Mantled in reference to Baudelaire’s classic volume of poetry on decadence and eroticism, Rabit presents a metaphorical arena or “spielraum” - described by author Frances S. Connelly as “a vehicle for mediating the ever-collapsing boundaries of the unknown” - opening an im/possible noumenal no-man’s-land where his imagination can express itself unimpeded, without judgement.
In aesthetic and intent, Rabit boldly embraces the vacuum left by the late, great Coil; realising a genre-agnostic consolidation of folk, new age, drone and noise tropes transcended thru acousmatic processing and modular synthesis, in this case fittingly provided by erstwhile Coil member Drew McDowell. In the process he potentially triangulates Les Fleurs Dul Mal with records by fellow Coil fiends, Elysia Crampton’s Demon City and Chino Amobi’s Paradiso, who all essentially project bold, new links with Coil’s canon.

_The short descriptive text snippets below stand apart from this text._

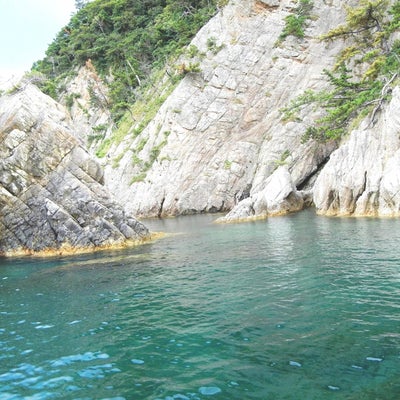 2011/12/12にkikoroが投稿した、浦富海岸島めぐり遊覧船のその他の写真
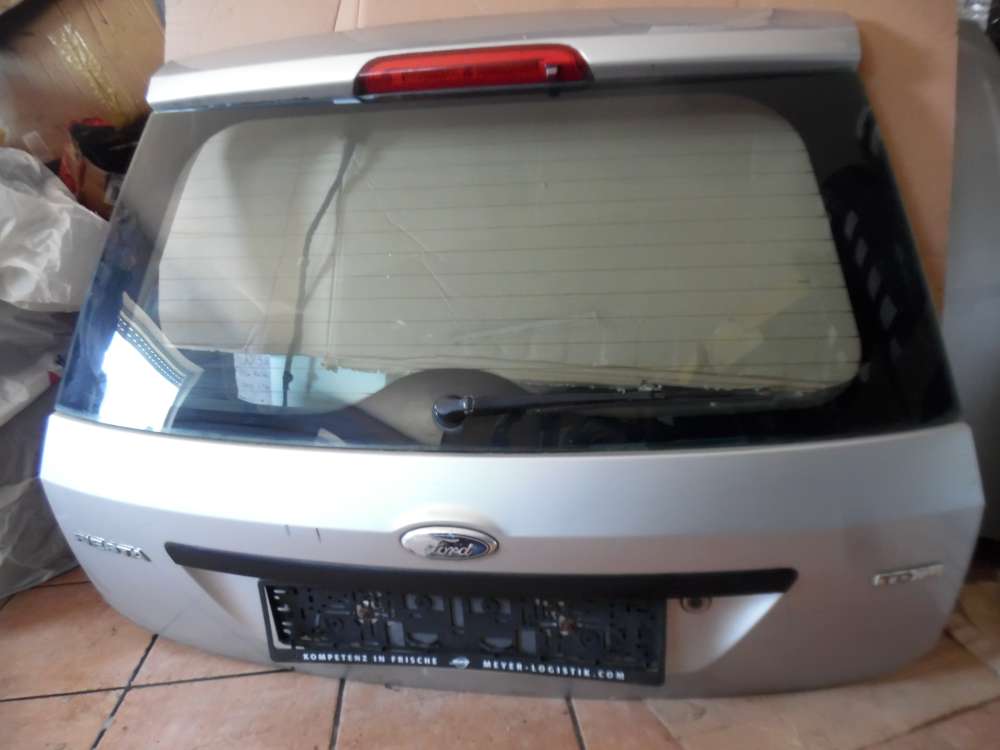 Ford Fiesta V 3-T?rer Heckklappe Heckdeckel Grau : 62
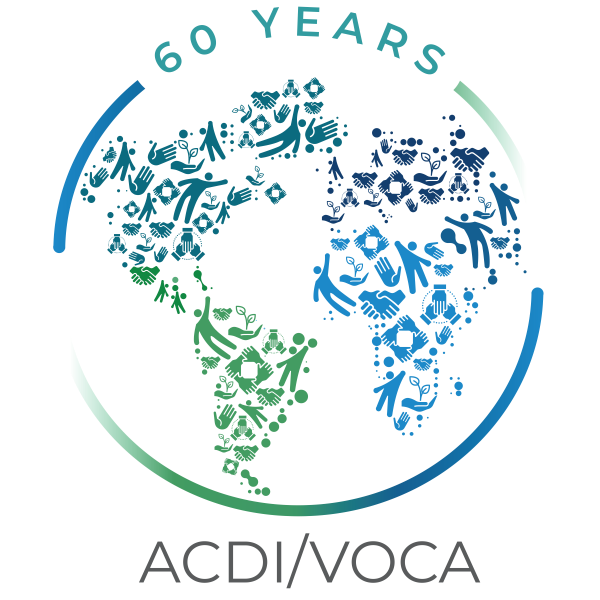 ACDIVOCA Logo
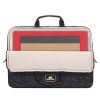 Notebook táska, 15,6", vezeték nélküli egérrel, RIVACASE "Anvik 7916", fekete
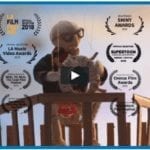 Handcrafted Music Video About Chasing Fairies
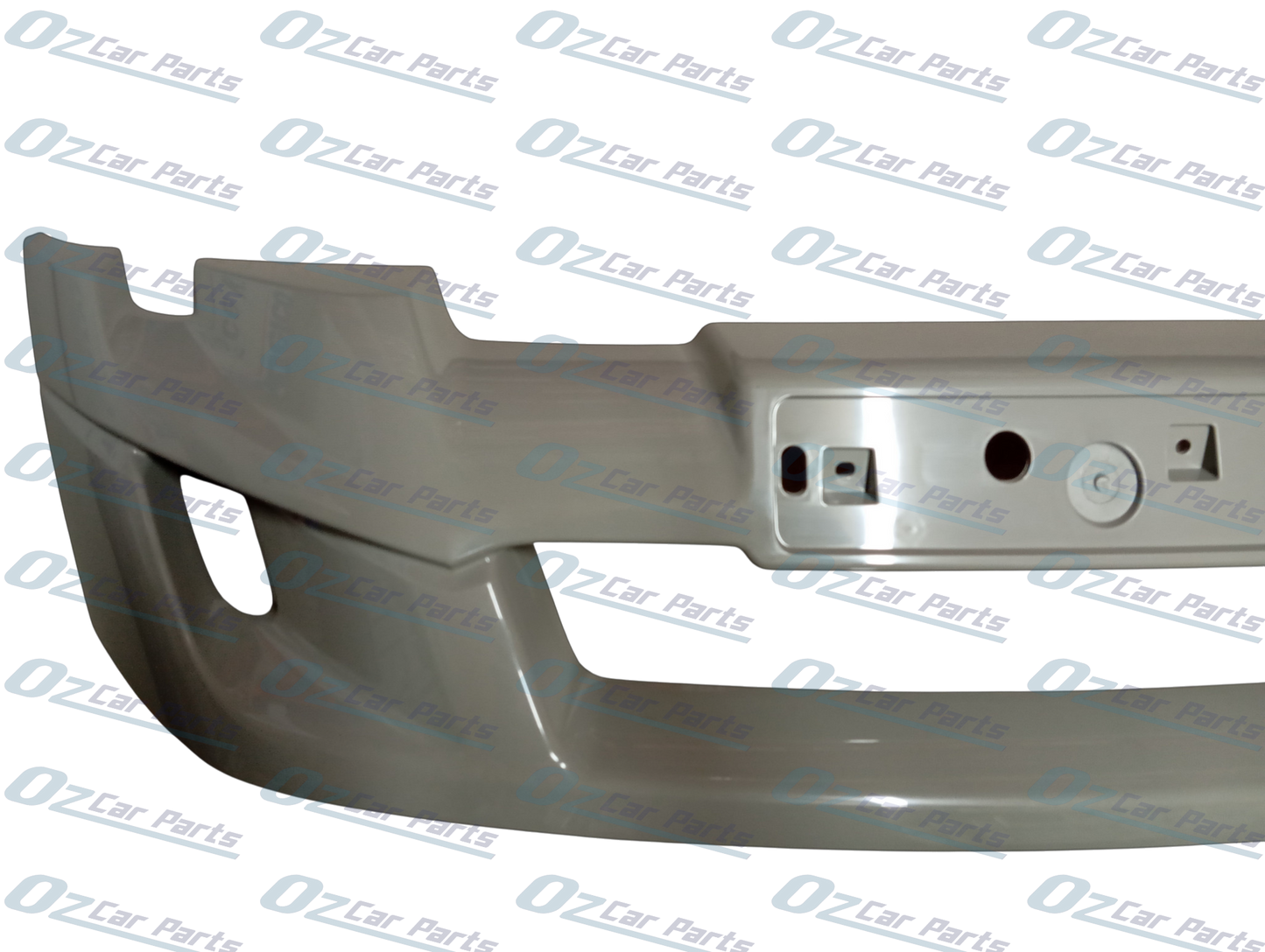 NEW FRONT GRILLE FOR ISUZU D-MAX 6/2012-1/2017 GREY DMAX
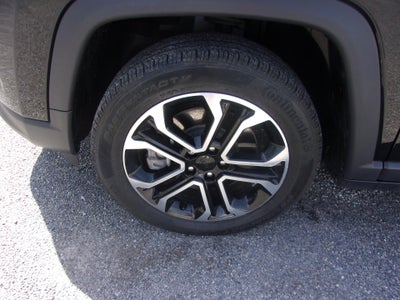 2024 Jeep Compass Limited 4x4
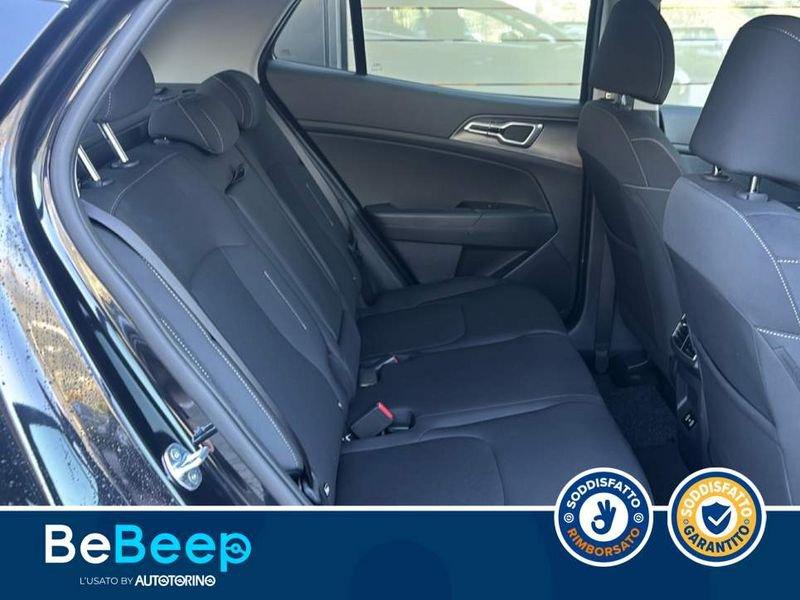 Kia Sportage 1.6 T-GDI HEV BUSINESS 2WD AT6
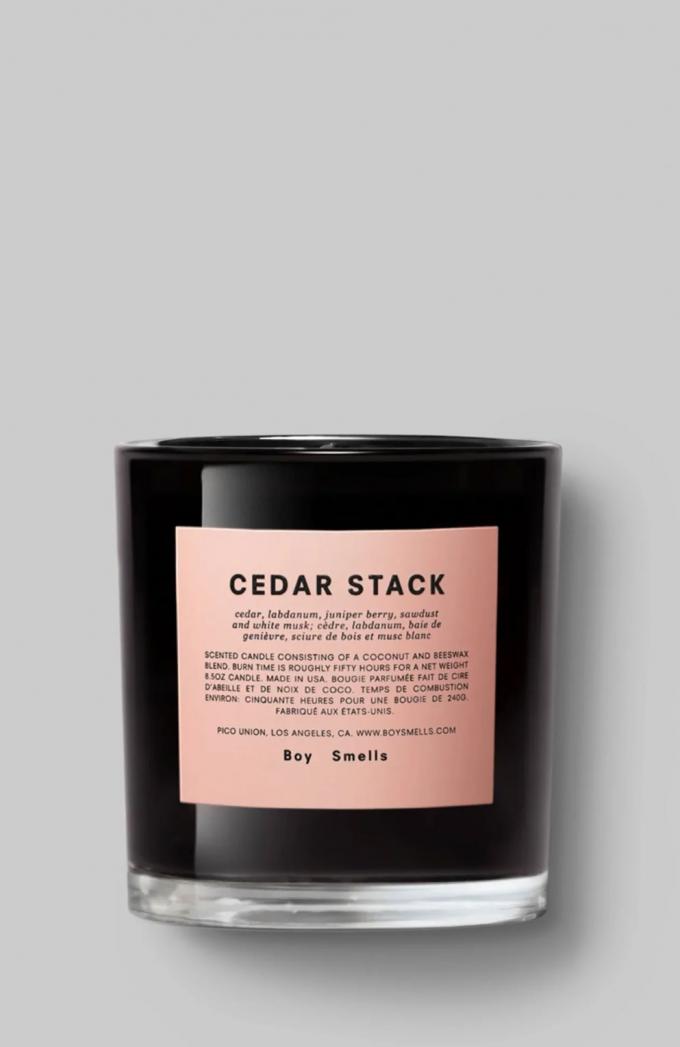 Cedar Stack van Boy Smells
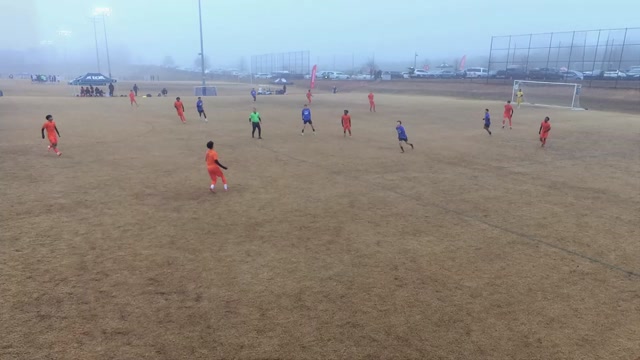 LV Heat Surf ECNL B07/08 vs GSA ECNL BOYS 07/08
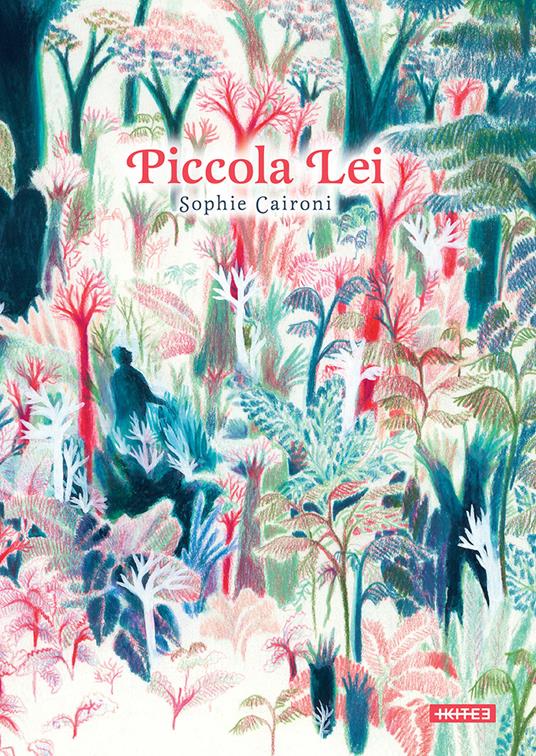 Piccola lei - Sophie Caironi - copertina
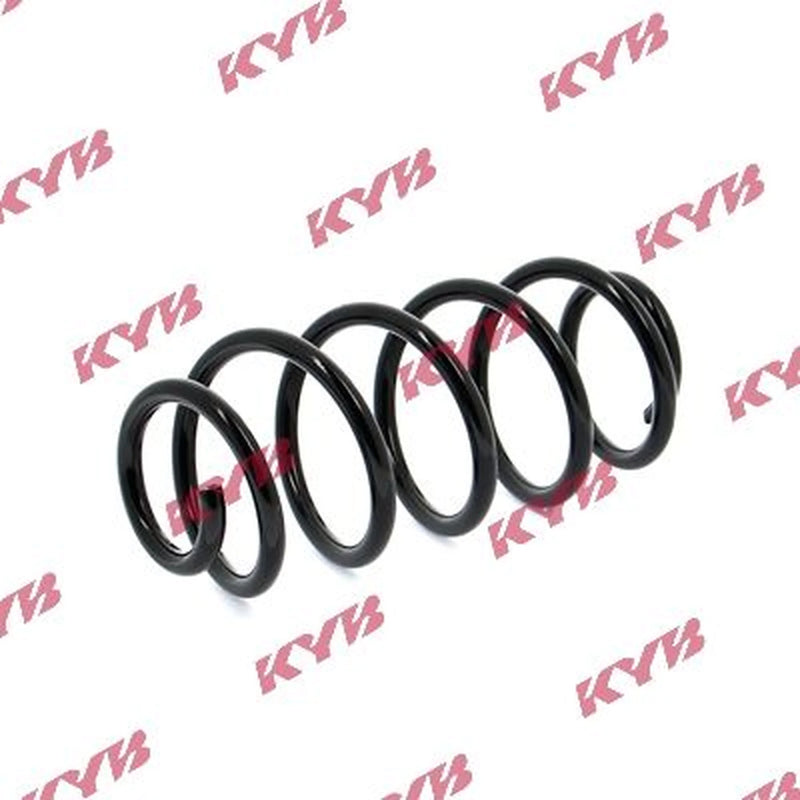 KYB Rear Suspension Coil Spring fits Toyota Verso S 2010-2016 1.33 1.4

Unfolding in 12 movements like some future classical tragedy, Rabit gestures his sounds with a remarkable freedom of rhythmic meter and freehand strokes that belies its meticulous construction below the surface. Cecilia’s vocals and the sharp strings of opener Possessed suggest the spirit of Baudelaire’s text heard at street level, while the dissonant stress of Bleached World - a secret weapon ’til now - expresses a beautifully bittersweet anguish, and the recursive curdle of Ontological Graffiti catches in the throat with uncannily emotive effect. The Whole Bag locates his firmest dembow rhythms, but buried under collapsing sidereal pressure, and Cecelia’s return in closer Elevation perfectly emulates something like new age tristesse, which defines the record’s humanity in the face of such uncompromising synthetic sensations.